Exercise details:
Could you give the entries back exactly as they stand, minus any pictures?

################

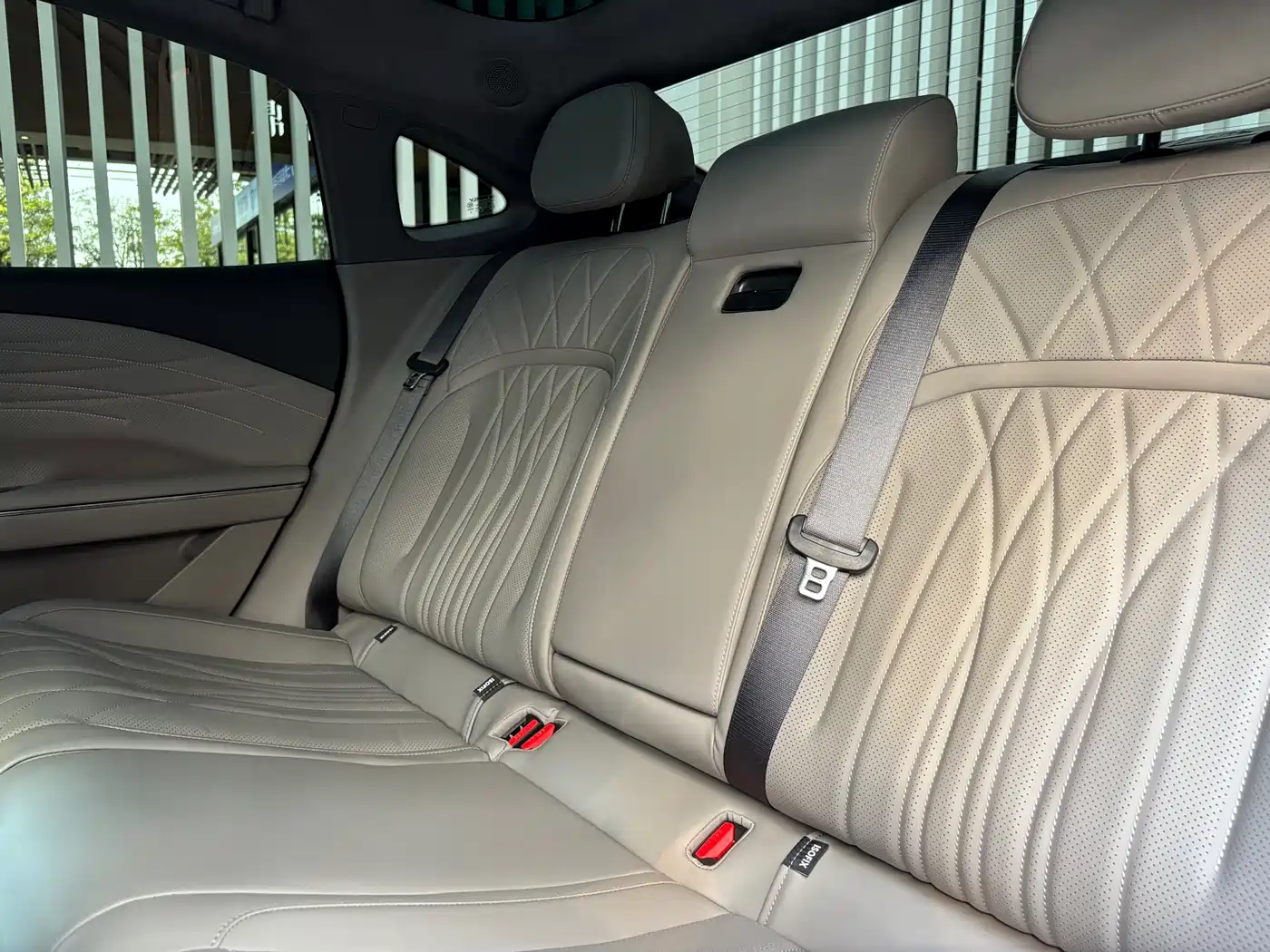 GEELY GALAXY GALAXY SPARKLE 8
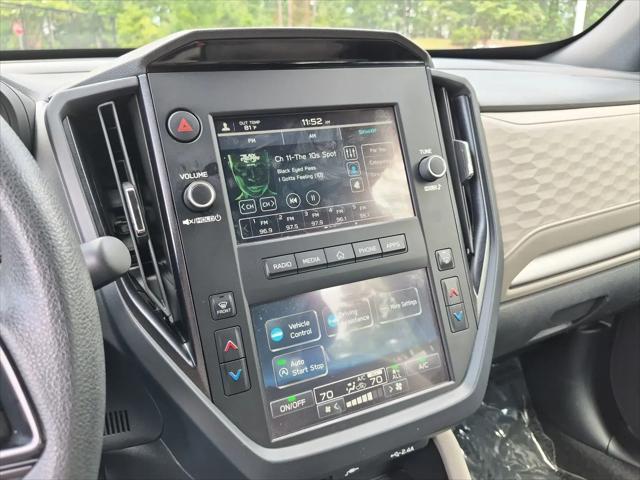 2025 Subaru Forester Base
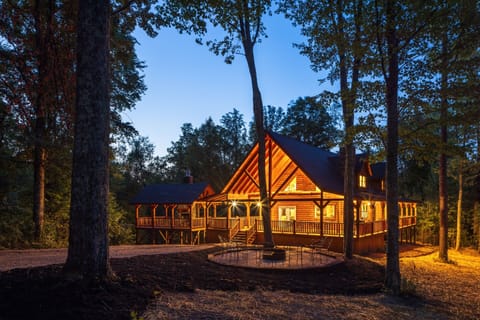 View from Property - Moonlight Ridge Lodge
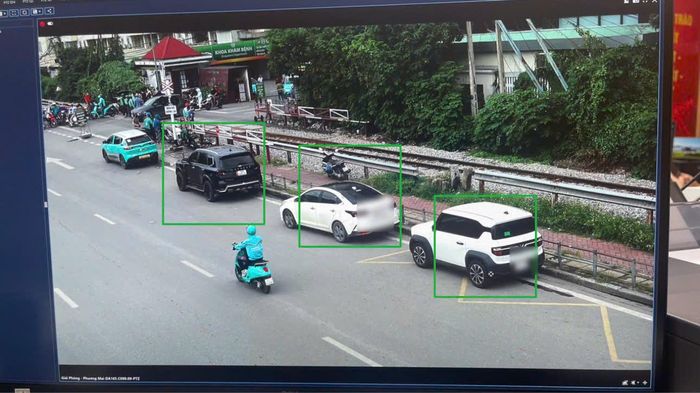 Trong một tháng, CSGT Hà Nội phạt nguội hàng nghìn xe vi phạm.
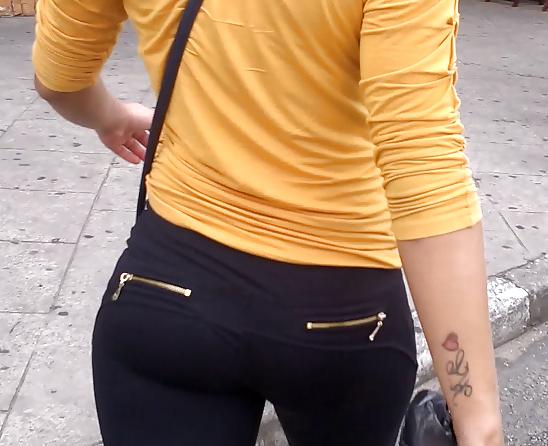 24P SDRUWS2 - ROUND ASS ON THE STREET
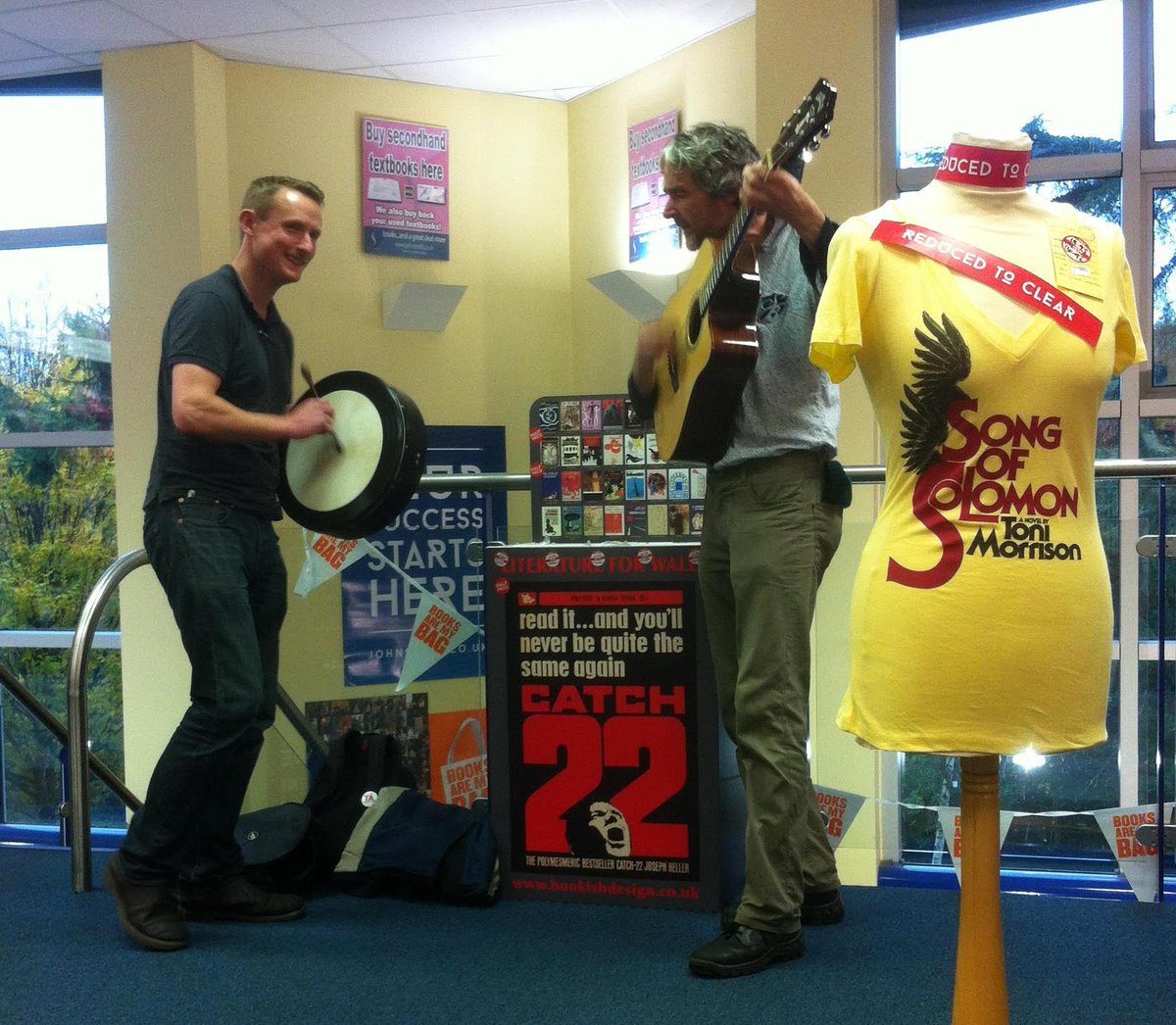 UCCBookshop's tweet photo. Swoon! We said we fancied you @UCC but didn't expect to be serenaded so. Still bargains to be had! #ChristmasSorted http://t.co/dWFHpuFGfz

################

Exercise result:
 GEELY GALAXY GALAXY SPARKLE 8
 2025 Subaru Forester Base
 View from Property - Moonlight Ridge Lodge
 Trong một tháng, CSGT Hà Nội phạt nguội hàng nghìn xe vi phạm.
 24P SDRUWS2 - ROUND ASS ON THE STREET
 UCCBookshop's tweet photo. Swoon! We said we fancied you @UCC but didn't expect to be serenaded so. Still bargains to be had! #ChristmasSorted http://t.co/dWFHpuFGfz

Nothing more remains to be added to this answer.